Well, we've shaken up some butter in our Mason jar. Now it has to be removed from the jar and worked to remove all the buttermilk that remains in the glob of butter. This is usually done by working the butter in a bowl with a pair of butter paddles similar to the ones below. As you work the butter by turning it and gently squashing it, the milk that remains in the butter is gradually removed. It is important to remove as much of the milk as possible because it improves the texture of the butter and makes it keep longer. The milk will spoil before the butter gets rancid (remember it is just fat). Usually, the butter is eaten far too quickly to worry about it going bad. However, if you aren't much of a butter eater, it will keep for about two weeks in the refrigerator. The buttermilk can be saved for cooking, drinking, or feeding to critters. I like to drink it. I was raised on buttermilk. Unfortunately, it was rarely the freshly made sweet cream butter like we are making here, which I only got when my aunt happened to churn up some butter, but it was the best stuff that you could get at the grocery store--usually cultured, salted buttermilk. Boy, is it good with some yummy old cornbread crumbled up in it. Eat it with a spoon for a tasty treat.



The day of our Dairy Day event, the temperature was too warm to allow working the butter in the usual manner. Trying to work it with the paddles only resulted in a gooey mess of butter stuck all over everything it came in contact with. I considered chilling it slightly to make it easier to work, but due to the time factor involved in the processing, it was not possible for us to chill the butter of each person who tried making butter--and believe me, there were more than a few! Instead, the butter was removed from the jar with a large spoon and put in a dish towel, repeatedly squeezed and dunked in cold water to rinse the buttermilk from the butter. This required frequent changes of water. I used a glass bowl so that the kids (and grown ups) could see the milk gradually rinsing out of the butter. Then, the maker had the option of trying the freshly made butter on some French bread or putting it in a baggie to admire on the trip home.


Here we have some freshly rinsed butter and the finished product spread on some bread and ready to eat.
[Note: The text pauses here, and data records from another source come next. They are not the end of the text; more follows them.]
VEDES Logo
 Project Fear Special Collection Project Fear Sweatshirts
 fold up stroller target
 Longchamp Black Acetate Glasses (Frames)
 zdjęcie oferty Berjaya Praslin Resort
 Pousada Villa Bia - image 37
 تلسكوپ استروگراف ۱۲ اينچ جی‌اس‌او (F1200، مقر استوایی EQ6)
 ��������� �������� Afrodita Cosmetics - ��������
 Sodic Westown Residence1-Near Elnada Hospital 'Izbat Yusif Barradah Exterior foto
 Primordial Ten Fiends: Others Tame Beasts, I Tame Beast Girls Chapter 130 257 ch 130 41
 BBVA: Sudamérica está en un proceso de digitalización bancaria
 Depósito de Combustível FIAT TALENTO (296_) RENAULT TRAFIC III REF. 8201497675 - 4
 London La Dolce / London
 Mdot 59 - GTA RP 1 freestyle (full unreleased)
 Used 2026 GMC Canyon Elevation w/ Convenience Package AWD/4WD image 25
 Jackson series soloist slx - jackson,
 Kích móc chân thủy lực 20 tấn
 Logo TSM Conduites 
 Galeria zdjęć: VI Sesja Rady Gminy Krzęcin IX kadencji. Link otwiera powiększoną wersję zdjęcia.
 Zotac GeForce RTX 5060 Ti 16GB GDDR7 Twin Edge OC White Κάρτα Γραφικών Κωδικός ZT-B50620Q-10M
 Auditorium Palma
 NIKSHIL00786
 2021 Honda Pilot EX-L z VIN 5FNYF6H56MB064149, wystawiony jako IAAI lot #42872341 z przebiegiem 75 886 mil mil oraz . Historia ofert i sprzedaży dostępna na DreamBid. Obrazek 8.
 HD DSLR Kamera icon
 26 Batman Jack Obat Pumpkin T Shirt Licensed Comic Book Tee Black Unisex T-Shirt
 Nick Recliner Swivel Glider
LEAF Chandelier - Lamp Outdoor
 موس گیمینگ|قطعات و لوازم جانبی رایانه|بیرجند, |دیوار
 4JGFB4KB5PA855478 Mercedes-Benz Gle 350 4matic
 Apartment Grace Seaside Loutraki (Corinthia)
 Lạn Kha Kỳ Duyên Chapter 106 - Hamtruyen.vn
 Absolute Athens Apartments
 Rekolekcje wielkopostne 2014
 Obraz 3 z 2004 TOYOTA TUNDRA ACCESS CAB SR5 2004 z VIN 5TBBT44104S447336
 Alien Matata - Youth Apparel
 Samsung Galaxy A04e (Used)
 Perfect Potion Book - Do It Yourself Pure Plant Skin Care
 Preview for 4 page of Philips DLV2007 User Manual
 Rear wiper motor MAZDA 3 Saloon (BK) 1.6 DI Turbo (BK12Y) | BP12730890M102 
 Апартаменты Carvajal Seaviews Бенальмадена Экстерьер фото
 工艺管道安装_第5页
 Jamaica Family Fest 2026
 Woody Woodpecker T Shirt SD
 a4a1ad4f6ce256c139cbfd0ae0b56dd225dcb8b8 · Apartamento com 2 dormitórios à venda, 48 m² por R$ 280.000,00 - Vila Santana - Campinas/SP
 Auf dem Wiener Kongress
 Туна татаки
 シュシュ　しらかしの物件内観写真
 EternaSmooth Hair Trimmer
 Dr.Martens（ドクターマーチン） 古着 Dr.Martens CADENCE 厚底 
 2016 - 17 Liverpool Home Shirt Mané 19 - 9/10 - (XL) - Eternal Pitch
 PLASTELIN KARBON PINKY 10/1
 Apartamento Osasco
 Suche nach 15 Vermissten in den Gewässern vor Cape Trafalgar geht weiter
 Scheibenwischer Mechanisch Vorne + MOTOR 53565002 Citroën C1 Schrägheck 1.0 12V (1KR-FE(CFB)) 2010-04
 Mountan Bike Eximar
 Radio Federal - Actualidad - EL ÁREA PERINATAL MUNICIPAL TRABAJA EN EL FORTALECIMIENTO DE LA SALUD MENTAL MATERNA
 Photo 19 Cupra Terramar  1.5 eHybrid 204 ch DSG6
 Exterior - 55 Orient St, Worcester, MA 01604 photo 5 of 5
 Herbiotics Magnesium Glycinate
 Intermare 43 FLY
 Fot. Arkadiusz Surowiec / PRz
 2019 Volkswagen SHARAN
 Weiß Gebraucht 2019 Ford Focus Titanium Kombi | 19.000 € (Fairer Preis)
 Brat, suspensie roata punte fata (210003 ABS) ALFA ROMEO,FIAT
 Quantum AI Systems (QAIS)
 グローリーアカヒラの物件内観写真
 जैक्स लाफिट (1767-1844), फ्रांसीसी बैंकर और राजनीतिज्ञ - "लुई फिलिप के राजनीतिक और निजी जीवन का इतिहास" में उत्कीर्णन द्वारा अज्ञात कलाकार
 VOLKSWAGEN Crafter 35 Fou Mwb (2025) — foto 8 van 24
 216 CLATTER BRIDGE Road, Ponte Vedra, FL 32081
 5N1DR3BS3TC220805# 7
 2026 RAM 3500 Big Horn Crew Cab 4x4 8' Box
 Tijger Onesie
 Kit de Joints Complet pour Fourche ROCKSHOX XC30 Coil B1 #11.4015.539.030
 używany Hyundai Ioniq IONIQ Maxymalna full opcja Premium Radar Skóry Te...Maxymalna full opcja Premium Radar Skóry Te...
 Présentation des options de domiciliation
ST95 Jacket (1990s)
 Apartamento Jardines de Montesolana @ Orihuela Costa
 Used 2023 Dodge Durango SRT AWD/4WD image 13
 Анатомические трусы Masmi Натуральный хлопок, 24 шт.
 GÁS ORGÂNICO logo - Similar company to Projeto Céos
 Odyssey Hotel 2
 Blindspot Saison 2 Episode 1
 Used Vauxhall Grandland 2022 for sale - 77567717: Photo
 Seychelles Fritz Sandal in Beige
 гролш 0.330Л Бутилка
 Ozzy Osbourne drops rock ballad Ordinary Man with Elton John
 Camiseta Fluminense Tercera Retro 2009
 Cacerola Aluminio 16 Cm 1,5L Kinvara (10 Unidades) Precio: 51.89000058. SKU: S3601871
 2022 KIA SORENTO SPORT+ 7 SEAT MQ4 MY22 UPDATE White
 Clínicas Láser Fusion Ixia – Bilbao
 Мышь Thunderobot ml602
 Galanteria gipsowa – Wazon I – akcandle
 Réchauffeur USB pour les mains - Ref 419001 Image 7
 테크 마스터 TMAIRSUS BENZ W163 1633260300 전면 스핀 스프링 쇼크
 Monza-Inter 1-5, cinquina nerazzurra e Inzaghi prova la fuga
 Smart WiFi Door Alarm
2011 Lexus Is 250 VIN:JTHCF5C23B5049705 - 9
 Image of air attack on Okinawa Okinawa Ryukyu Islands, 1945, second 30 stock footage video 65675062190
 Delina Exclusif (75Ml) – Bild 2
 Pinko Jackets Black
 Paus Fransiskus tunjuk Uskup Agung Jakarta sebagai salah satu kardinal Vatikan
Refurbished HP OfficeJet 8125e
Yum! Makes me hungry just looking at it.















I'd like to thank all the great folks at the living history museum, both staff and volunteers, who helped me prepare for the Dairy Day butter making station, all the wonderful folks who visited us that day and tried their hands at making butter, and my son who was a great help in so many ways, especially in keeping the Mason jars washed and dried throughout the day.

Tour de Fleece update



Tour de Fleece is a group of spinners who have joined together to challenge themselves to work on their fiber stashes and challenge themselves a bit with something a little outside their spinning comfort zones during the Tour de France. Members of the group try to spin every day of the bicycle race and watch a little of le Tour--hopefully while spinning. It is a great way to keep up with the race and reduce the amount of unspun fiber that we spinners manage to somehow mysteriously accumulate during the course of our spinning endeavors.

I decided to try to finish as many of my unfinished spinning projects as possible during the days of le Tour. I know that I will not get them all finished (like that beautiful light fawn alpaca fleece that I have just waiting for me to get my hands into), but if I get even two or three of them completed, I will be very happy. I am not sure what I am going to do for my big challenge on July 23, the last hard mountain climbing day of the tour. One of my spinning friends, Phyllis (www.spinknitandlife.blogspot.com), has decided to spin cotton on her charkha for Challenge Day. I am pretty comfortable spinning cotton, having spun it on both my charkha and the great wheel, so I don't know what I might choose to do. Well, I still have a few days to come up with something.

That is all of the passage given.